Postby arae13 » Fri Jul 27, 2012 4:51 pm

ilovelawtays wrote:
bhan87 wrote:
Scotusnerd wrote:Ok, quick quiz for y'all that think you are good at LSAT logic games. No time limit. Einstein came up with this one back in the 19th century. He said that 98% of the world's population couldn't answer it. Check it out:

ALBERT EINSTEIN'S RIDDLE

ARE YOU IN THE TOP 2% OF INTELLIGENT PEOPLE IN THE WORLD? SOLVE THE RIDDLE AND FIND OUT.

There are no tricks, just pure logic, so good luck and don't give up.

1. In a street there are five houses, painted five different colours.
2. In each house lives a person of different nationality
3. These five homeowners each drink a different kind of beverage, smoke different brand of cigar and keep a different pet.
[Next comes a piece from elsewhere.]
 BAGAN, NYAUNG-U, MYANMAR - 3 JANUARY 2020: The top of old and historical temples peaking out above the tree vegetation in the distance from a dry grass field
THE QUESTION: WHO OWNS THE FISH?

HINTS

1. The Brit lives in a red house.
2. The Swede keeps dogs as pets.
3. The Dane drinks tea.
4. The Green house is next to, and on the left of the White house.
5. The owner of the Green house drinks coffee.
6. The person who smokes Pall Mall rears birds.
7. The owner of the Yellow house smokes Dunhill.
8. The man living in the centre house drinks milk.
9. The Norwegian lives in the first house.
10. The man who smokes Blends lives next to the one who keeps cats.
11. The man who keeps horses lives next to the man who smokes Dunhill.
12. The man who smokes Blue Master drinks beer.
13. The German smokes Prince.
14. The Norwegian lives next to the blue house.
15. The man who smokes Blends has a neighbour who drinks water.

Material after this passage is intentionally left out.